Poems , by Algernon Charles Swinburne, selected, with an Introduction, by Bonamy Dobrée. The Penguin Poets. Baltimore, Md.: Penguin Books, 1961.

Swinburne: A Selection , edited, with an Introduction, by Edith Sitwell. New York: Harcourt, Brace, and Co., 1960.

Early in his book The White Goddess , Robert Graves provides this description:

The Goddess is a lovely, slender woman with a hooked nose, deathly pale face, lips as red as rowan-berries, startlingly blue eyes and long fair hair; she will suddenly transform herself into sow, mare, bitch, vixen, she-ass, weasel, serpent, owl, she-wolf, tigress, mermaid or loathsome hag . . .

He continues, "The test of a poet's vision, one might say, is the accuracy of his portrayal of the White Goddess and of the island over which she rules. . . ."

This same figure is made use of in Mario Praz's study, The Romantic Agony , as a characteristic presence in Romantic literature, and it is in the work of Swinburne he believes "this type of Fatal Woman found its most complete form." Unlike Graves, however, who is himself involved in this same tradition, Praz depends much upon the sexual terms of such reference in Swinburne and the other writers with whom he deals. The question of Swinburne's al-

Poetry , August 1962.


golagnia—the association of sexual fulfillment with pain—is the key to Praz's own use of the work itself. For example, he summarizes Swinburne's "formula" as follows:

 . . . man, in his work, aspires to be 'the powerless victim of the furious rage of a beautiful woman [here quoting from Swinburne's The Whippingham Papers ]'; his attitude is passive, his love a martyrdom, his pleasure pain. As for the woman . . . , she is always the same type of unrestrained, imperious, cruel beauty.

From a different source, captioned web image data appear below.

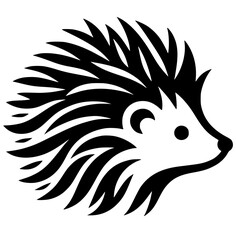 Hedgehog head logo silhouette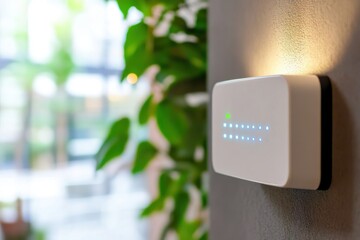 Smart surge protector on wall with soft daylight and space above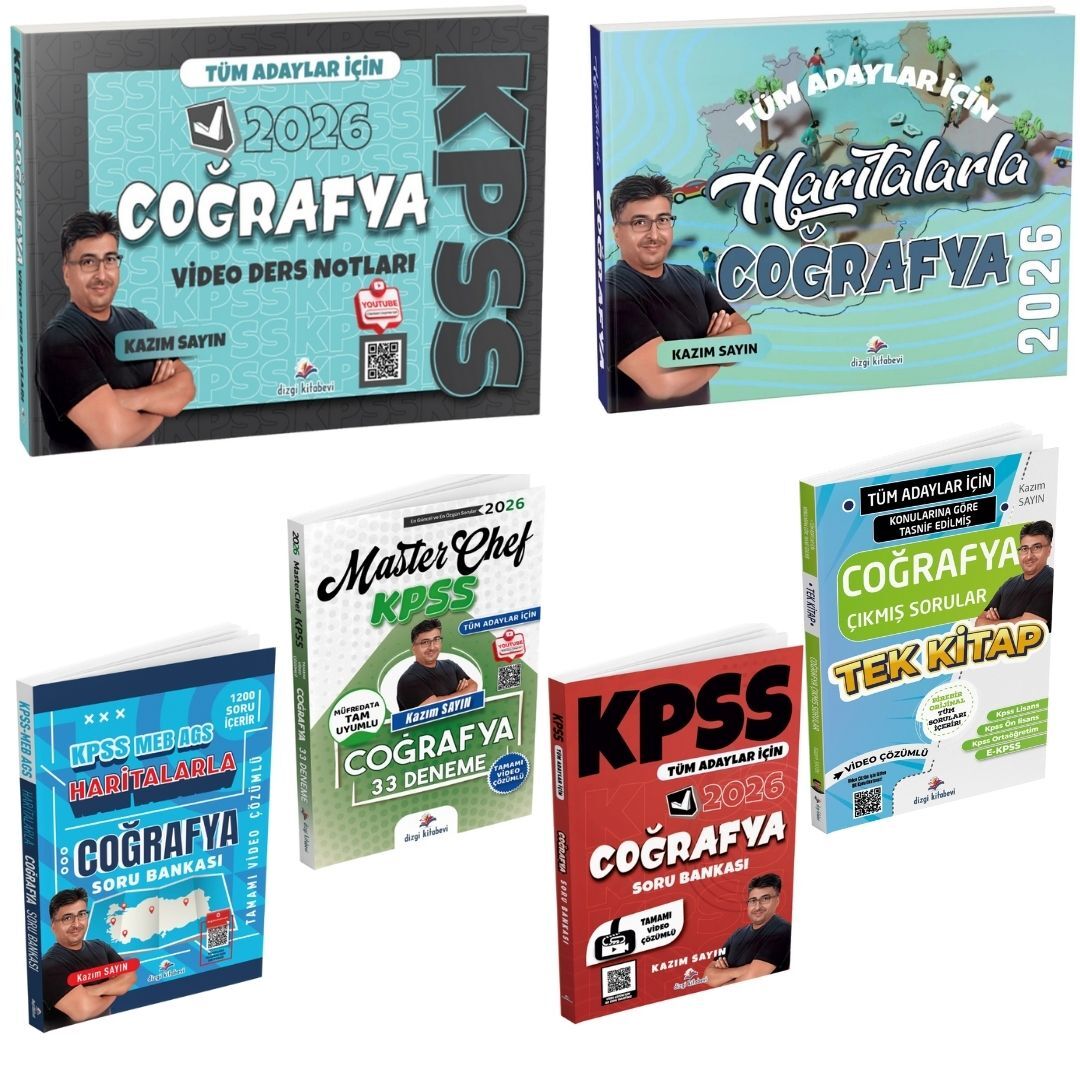 Dizgi Kitap 2026 Tüm Adaylar İçin Kpss Coğrafya Kazandıran 6'li Set Kazım Sayın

Whether or not such emphasis proves fair at last, it makes unequivocally clear the source of energy in Swinburne's early, and I think greatest, work. He himself, in the curious innocence of his nature, found it impossible to accept finally—or he could not use it as could Baudelaire, for whom he felt great admiration. In her introduction to Swinburne: A Selection , Edith Sitwell quotes from a letter of Swinburne's to his friend and mentor, Lady Trevelyan, who had warned him he was being attacked "on the score of his personal morality":

I cannot express the horror and astonishment, the unutterable indignation and loathing, with which I have been struck on hearing that anyone could be vile enough to tax me, I do not say with doing, but with saying anything of the kind to which you refer.

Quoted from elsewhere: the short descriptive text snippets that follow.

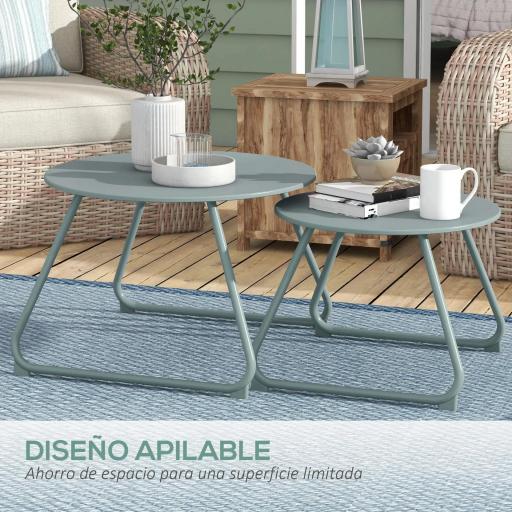 Juego de 2 Mesas de Jardín Apilables con Estructura de Metal y Recubrimiento Epoxi Anticorrosivo para Terraza Azul [2]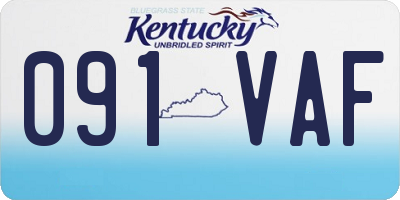 KY license plate 091VAF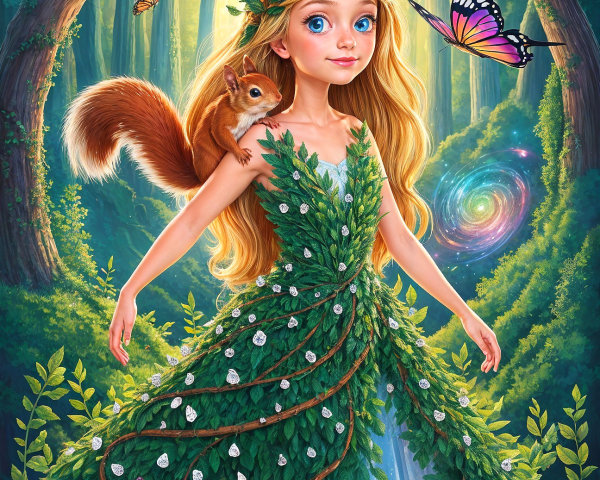 Whimsical Forest Scene with a Nature-Inspired Girl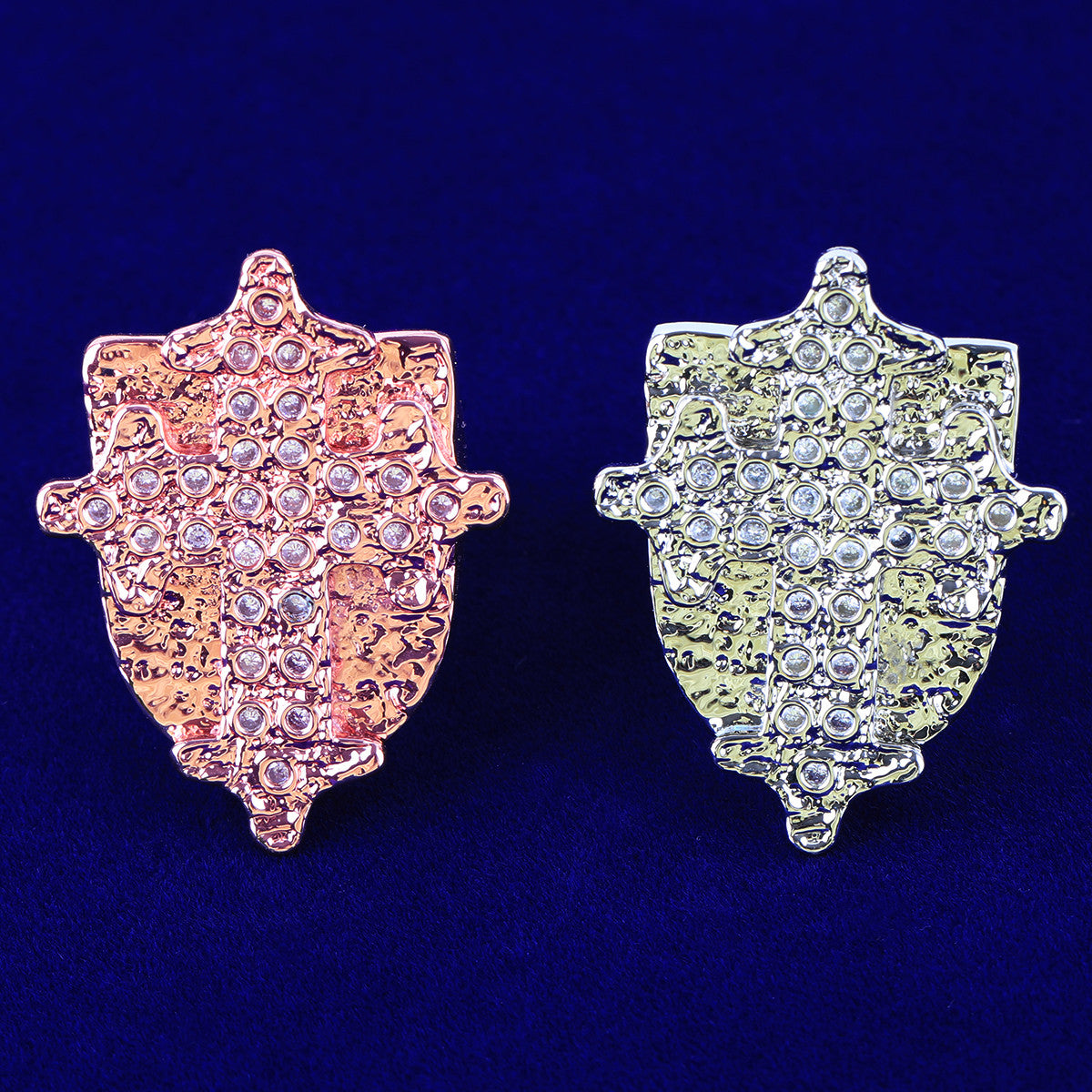 Divine Protector | Cross Shield VVS Diamond CZ Stone Hip Hop Prong Set Rings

It does not seem to me possible to answer as simply as does Edith Sitwell, "I cannot believe this extremely brave man was a hypocrite." Nor does it seem otherwise possible to settle the question as does Bonamy Dobrée, the other editor here involved:

One need not close one's eyes to these things in Swinburne; indeed to do so would be foolish. Most men and women have in them vestiges of such destructive impulses, which normal beings turn into more beneficent channels, or suppress, but which Swinburne had no wish to hide. Such things need not concern the reader who seeks in poetry for imaginative release, for support of the more directive energies, for relations he can contemplate and ramify; they belong, rather, to the realm of psychiatry, and, so far as this Introduction is concerned, will be left there.

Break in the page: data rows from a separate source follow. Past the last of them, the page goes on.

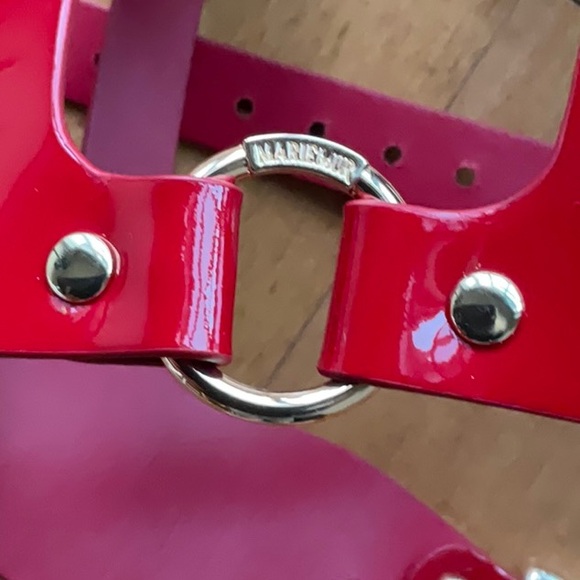 MarieMur Red leather bondage bra and panties - Picture 12 of 14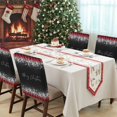 thumbnail image 4 of Merry Christmas Chair Covers Set of 8 Modern Snowflakes Buffalo Plaid Red Black Chair Back Covers Stretch Removable Washable Slipcovers Protector for Dining Room Kitchen Party Decor, 4 of 5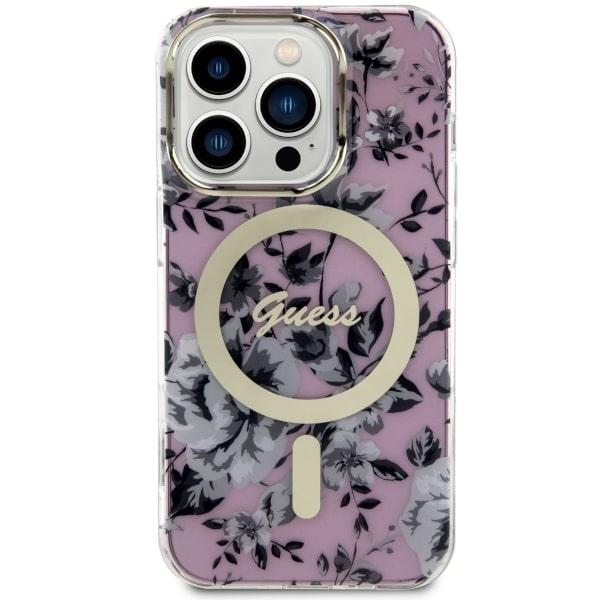 Etui do iPhone 14 Pro Max Guess Flower MagSafe Różowe
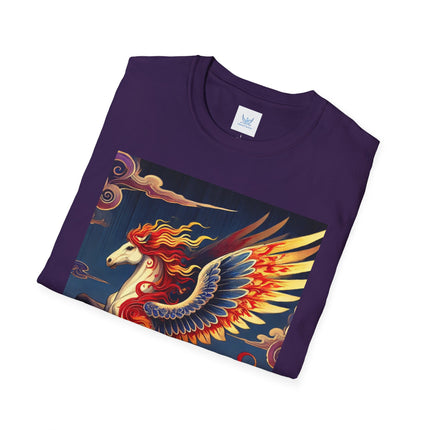 Flame-Winged Horse at Sunset Softstyle T-Shirt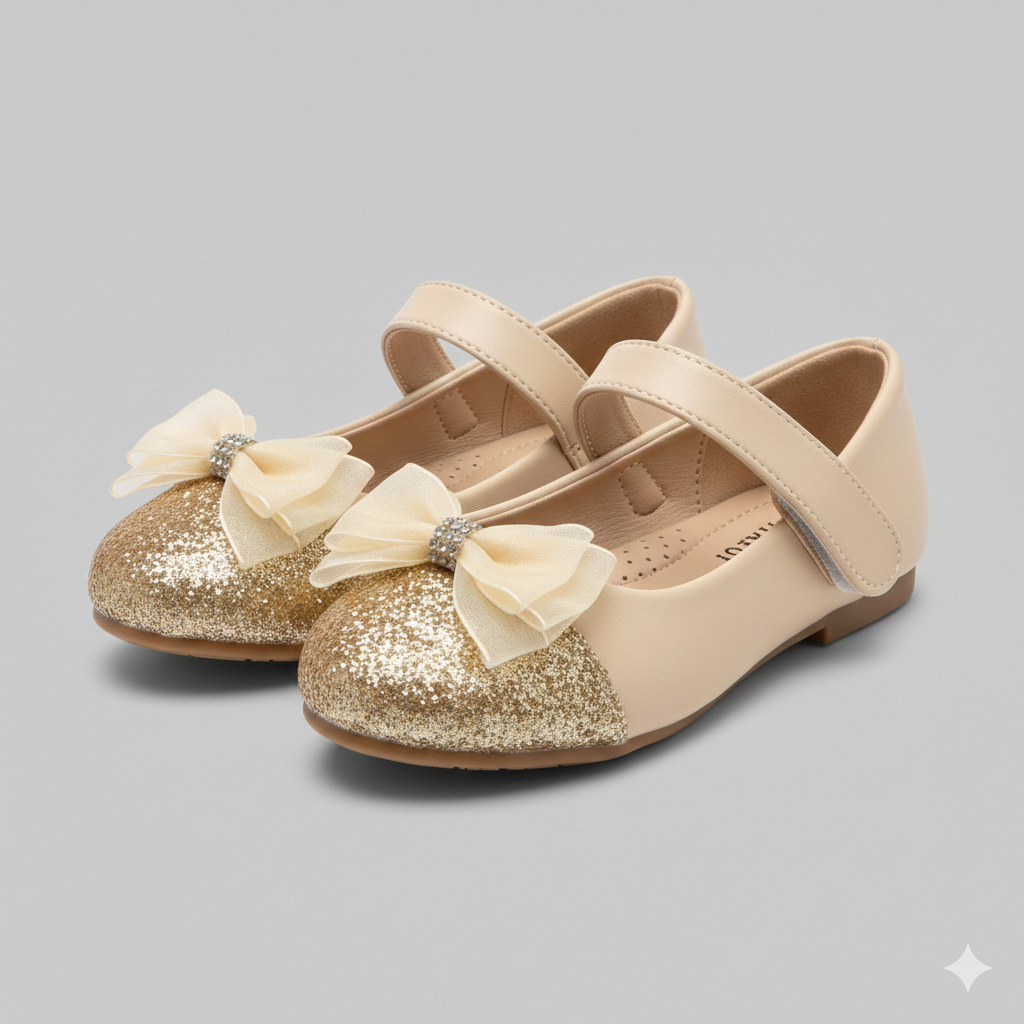 🌸 Girls Elegant Bow Glitter Mary Jane Shoes – Party & Special Occasion Flats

It is a little ironic that Swinburne found just that "imaginative release" and the "support of the more directive energies" which Dobrée notes in the writing of the very poems which raise these questions. And there the reader must follow him, or else lose contact with all that ambivalence of experience for which the poems serve as means. Had it not been for the complexity of Swinburne's


sexual nature, his work would be only a thin exercise of technical virtuosity few in fact have so acquired, yet which, by itself, serves little. It was his genius that in these poems he could so resolve, with such art as he had, "such destructive impulses."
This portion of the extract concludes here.